The tax office puts insurance agents at a financial disadvantage by treating them as employees, not independent practitioners.
What qualifies someone to be considered a "practitioner of a profession?" The question may sound philosophical, but how it is answered has some direct practical consequences. In Taiwan, the labor and tax authorities have very different opinions on what constitutes a "practitioner of a profession" -- with the result that many sales agents in the insurance industry wind up with the hardship of a considerably larger tax bills than they would otherwise.
After long discussion about the difficulties entailed in treating insurance agents as "employees" under the terms of the Labor Standards Law, the Council on Labor Affairs and the insurers recently concurred that agents may be defined as "independent contractors" in the agreements signed between the insurance companies and the agents. The rationale was that the main income for insurance agents is commission, not fixed salary, and that the basic expenses incurred in conducting their business are not reimbursed by the insurance companies.
But that same logic has not been accepted by the tax authority, which has declined to allow insurance agents to deduct expenses from their taxable income as is permitted for "practitioners of a profession" under Article 14 of the Income Tax Law. That narrow interpretation has been based on the fact that insurance agents represent a single company, unlike other independent contractors who may serve multiple clients.
In response, the insurance companies argue that similar to lawyers, accountants, and other practitioners, insurance agents provide clients with advice based on their professional knowledge -- in their case, financial-management and tax-management know-how. And the agents in fact serve multiple clients -- their policy holders -- the same as for other professionals.

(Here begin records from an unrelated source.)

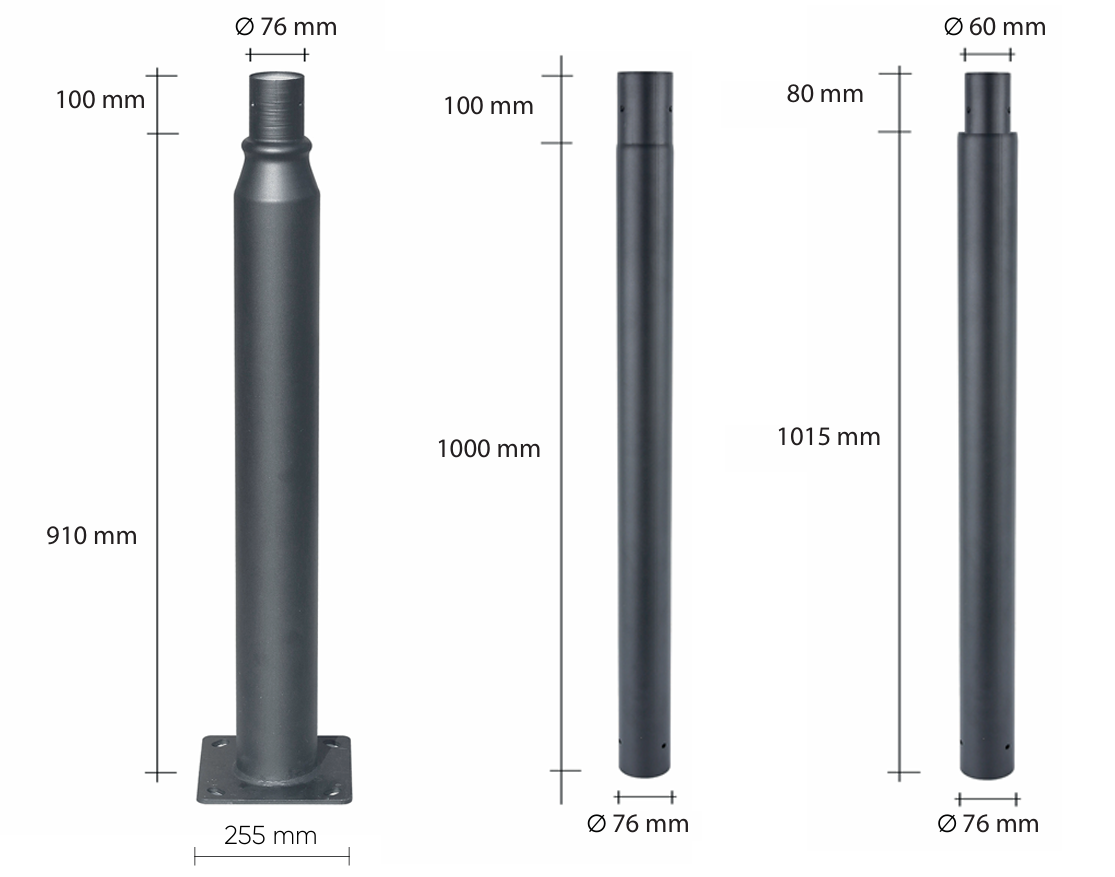 Straßenleuchte Lichtmast Schwarz – Höhenverstellbar 2–4m, wetterfest & stabil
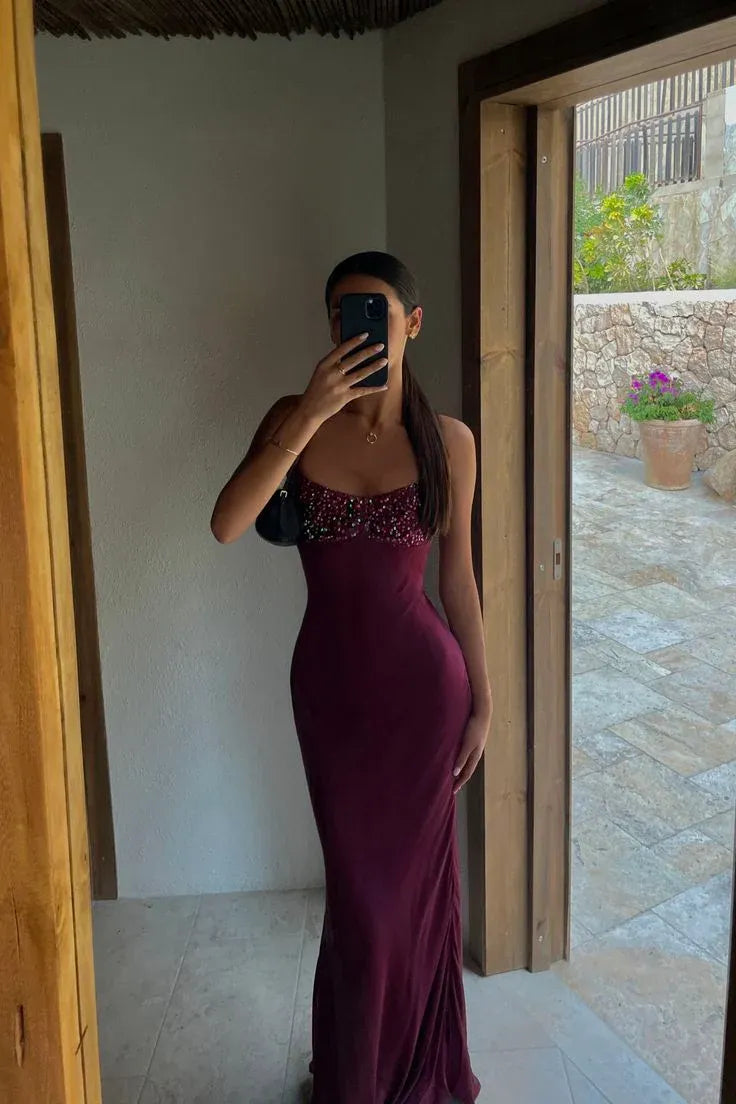 Mermaid Spaghetti Strap Lace-Up Back Beaded Bustier Floor-Length Evening Gown
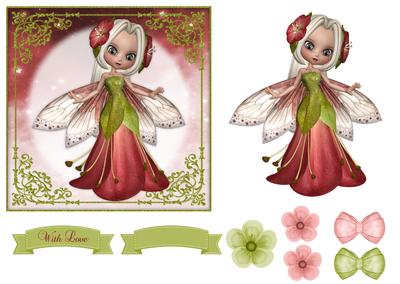 Petal Fairy 6x6 Card Front , Topper & Embellishments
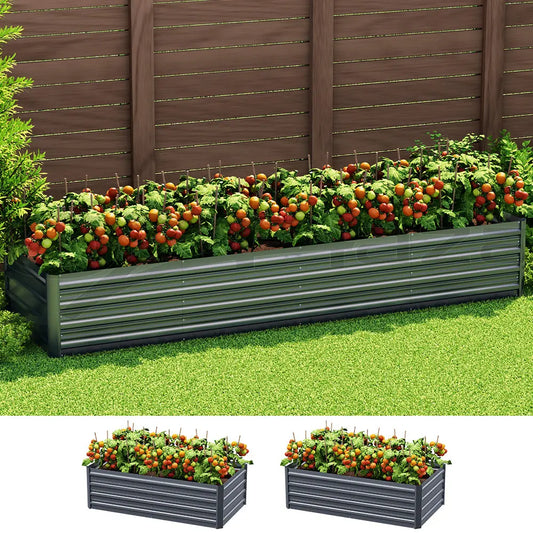 Green Fingers Garden Bed 240X80X45cm Planter Box Raised Container Galvanised Herb Bonnyrigg Produce & Garden Supplies
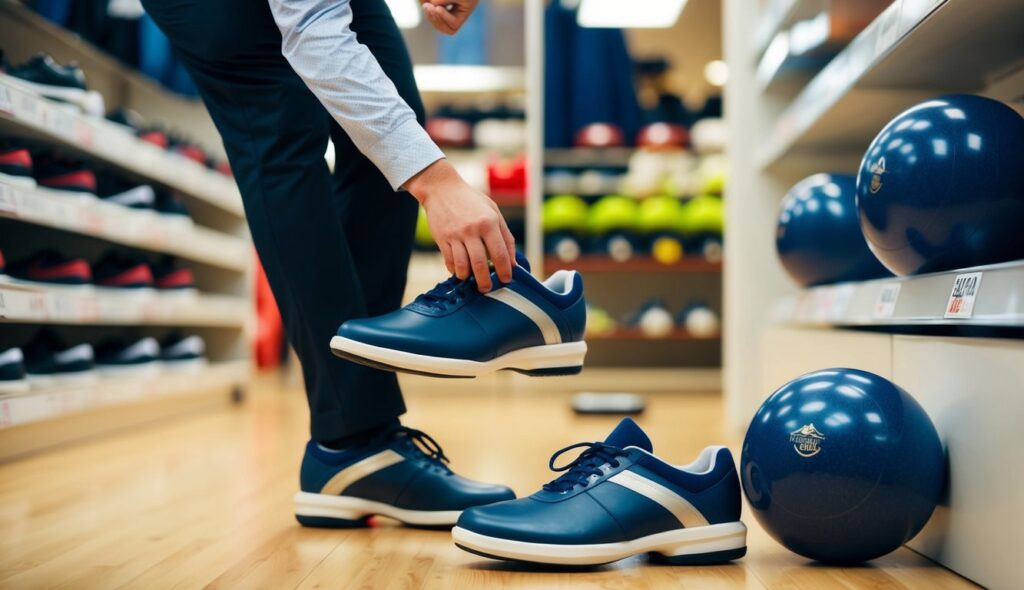 Une personne choisissant des chaussures et des vêtements de curling dans un magasin d'équipement sportif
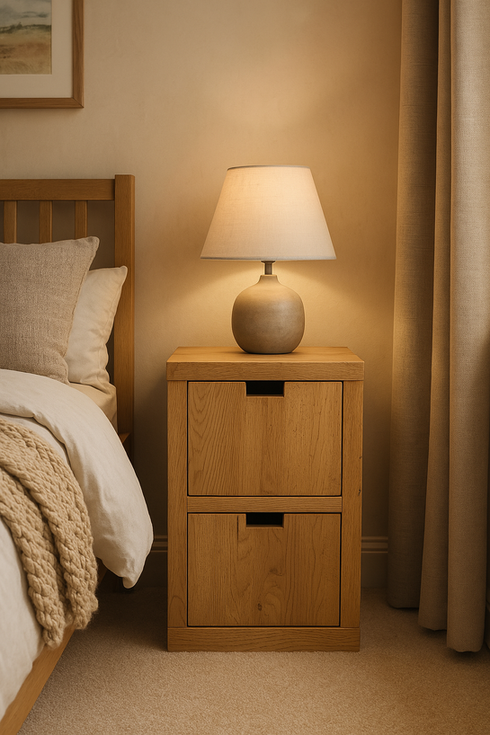 Solid Oak Rustic Bedside Table with 2 Doors in a bedroom
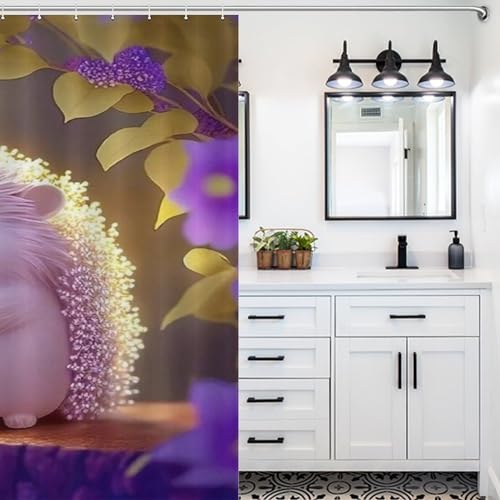 Rideau de douche hérisson 183x183 cm en polyester lavable avec 12 crochets - 5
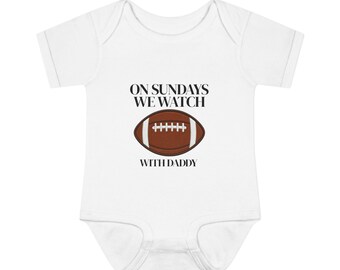Sunday Football baby onesie, Infant Baby Rib Bodysuit| toddler undershirt. Daddy daughter, father son, gift. Baby shower present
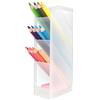 D.RECT 110813 - Organizer da scrivania con 4 scomparti per penne, per ufficio, scuola, casa, colore: Bianco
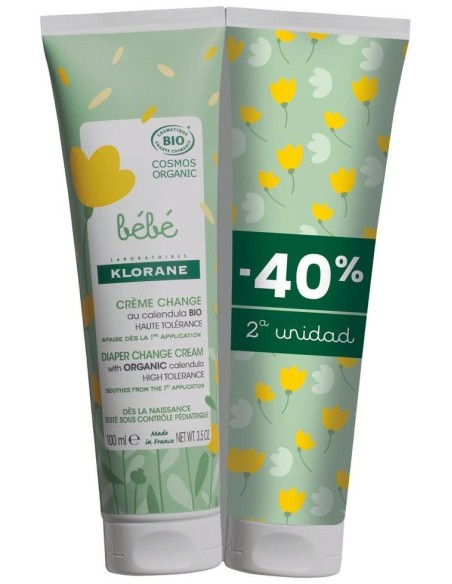 Klorane Bebé Crema Cambio Pañal Caléndula Bio 2X100Ml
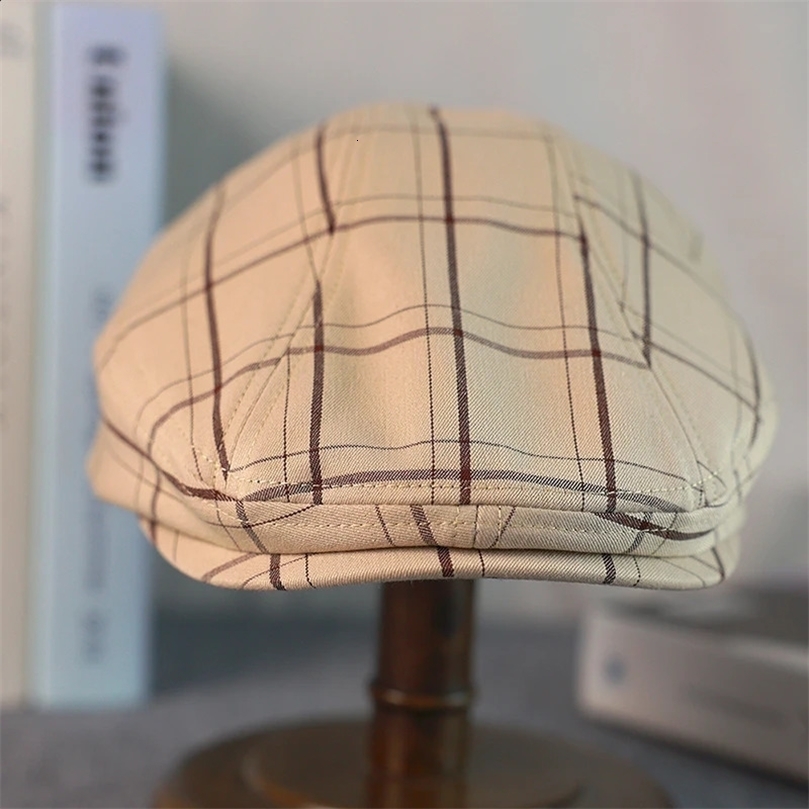 sboy Hat Men Beige Plaid Cotton Flat Caps Women British Painters Soft Spring Summer Autumn Berets Octagonal Cap A39 241220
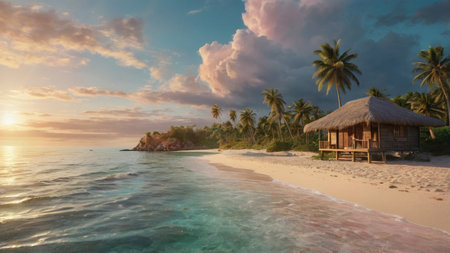 tropical beach with palm trees and hut at sunset, panoramaの写真素材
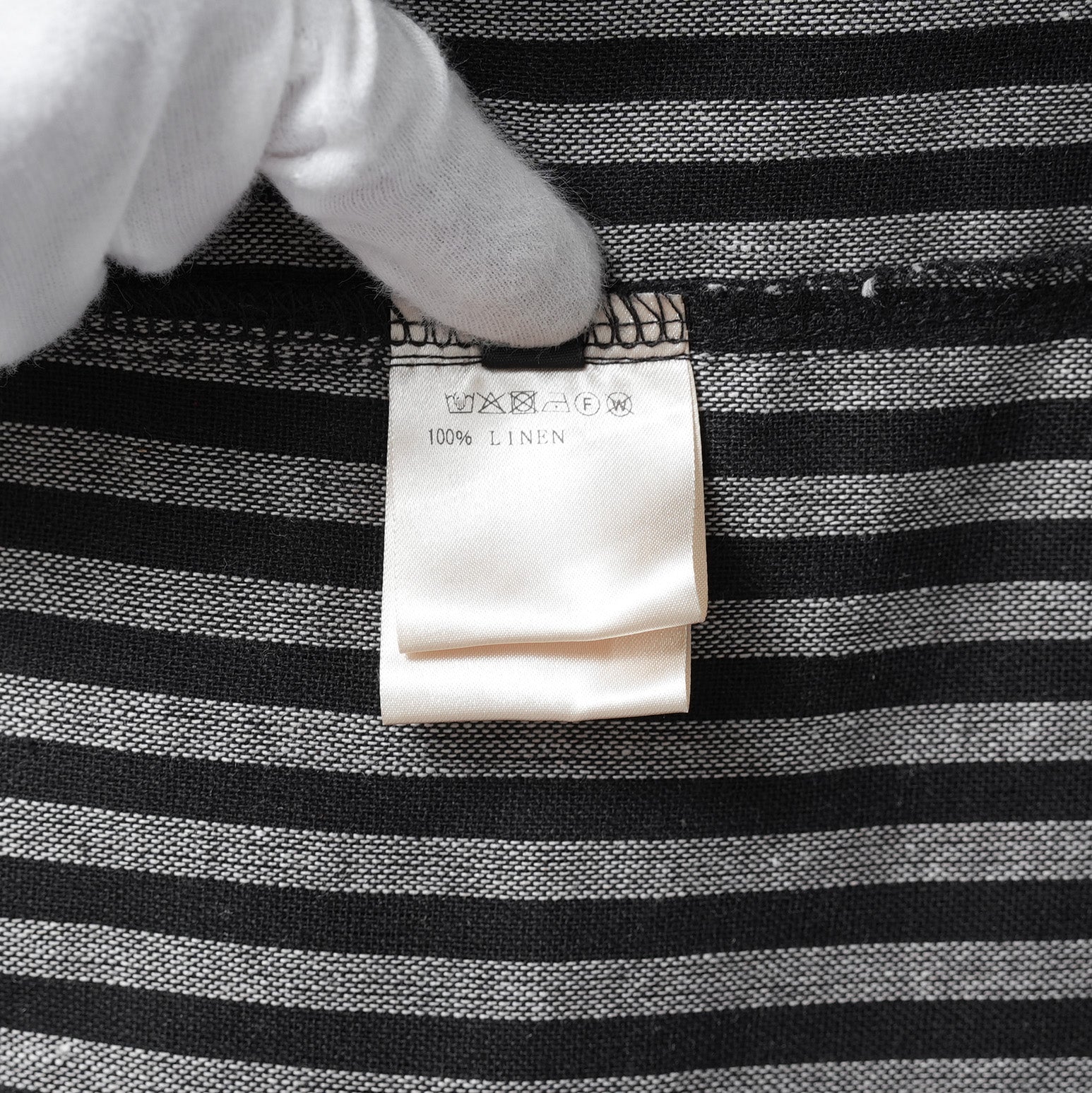 A.F ARTEFACT / 美品 25SS LOOSEY OVER SHIRT / HERRINGBONE LINEN STRIPE / 長袖シャツ / size 1 (BLACK×L.GREY)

For the past two years, the AmCham insurance committee's position paper in the chamber's annual Taiwan White Paper has called for the provisions of Article 14 to be extended to insurance agents. But to date, the tax office, unlike the labor council, has continued to regard agents as employees rather than as independent contractors.
"It comes down to an issue of fairness," says Lee Wood, co-chair of the AmCham insurance committee. "Not being able to deduct expenses puts insurance agents in a disadvantageous position financially." It also drives some "tied agents" to become independent brokers, which "means that insurance companies are losing good agents," he says.
Aligning the tax policy with the position of the labor council would put the problem to rest.